Hindsight Experience Replay (HER) can radically improve the sample efficiency, but it is only applicable to an environment if it fulfills the following requirements:
- It is goal-conditioned
- It has a
DictObservationSpace
with “observation”, “achieved_goal” and “desired_goal”. - It has a
compute_reward(achieved_goal, desired_goal, infos) -> reward
function, that calculates the correct reward given the achieved goal and desired goal.
Not all environments, e.g. the MetaWorld environments, have the option to provide dict observations or compute the reward retrospectively. Therefore, we implement this functionality with the MakeDictObs
Wrapper, located in utils/custom_wrappers.py
. You can take a look at the implementations that are already there, e.g. for MetaW-reach-v2-sparse
which originally had the name reach-v2-goal-observable
.
To add an environment to the MakeDictObs
wrapper, you’ll have to follow these steps:
Find out which part of the observation is relevant for the goal computation.

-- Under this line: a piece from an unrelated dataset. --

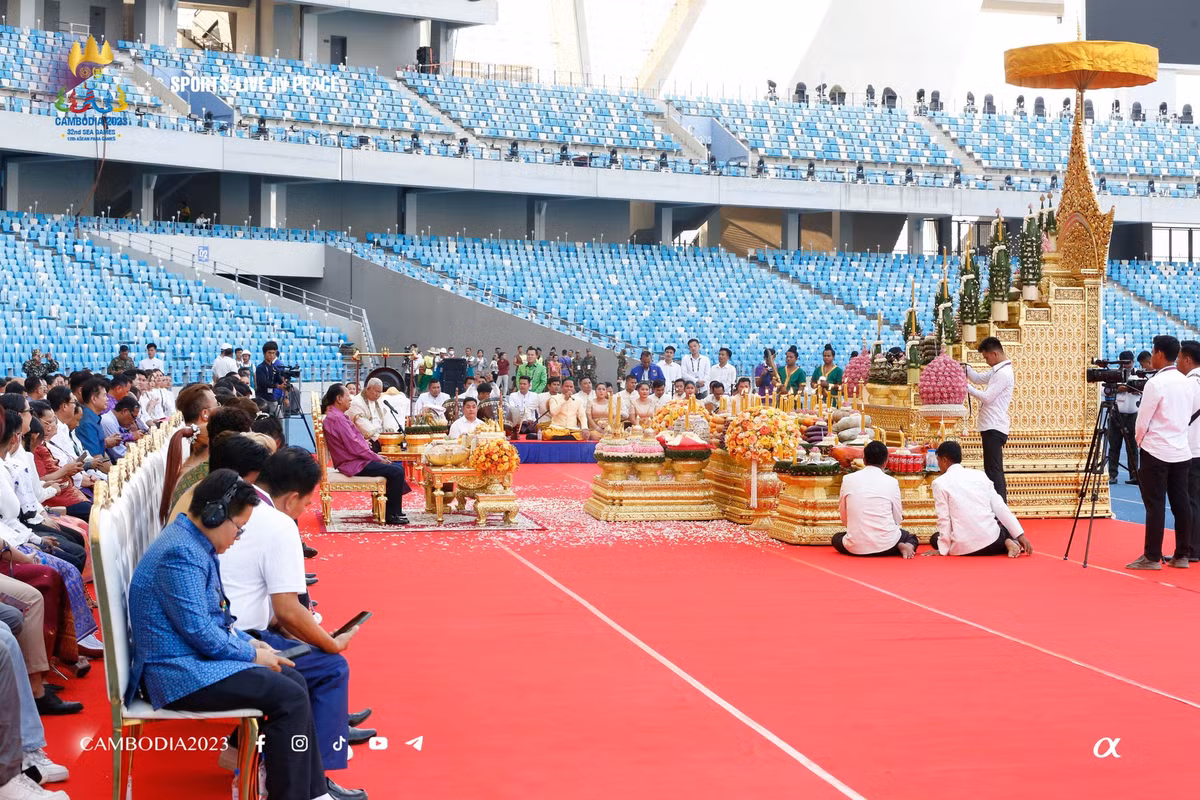 Trước đó, một lễ cầu nguyện đã được tổ chức tại SVĐ Morodok Techo.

Look at the environment implementation and find out how the reward is computed. This is often implemented in a function called compute_reward
.
For most environments, the condition for success is that something has to be at certain position. This means that the desired_goal
is the position where the object should be and the achieved_goal
is the actual position of the object. If the reward is dense, it is often the distance between those two, and if it is sparse, it is whether the distance is below a certain threshold.
It is sufficient to implement only a version with sparse rewards, because they are better suited for SAC with HER.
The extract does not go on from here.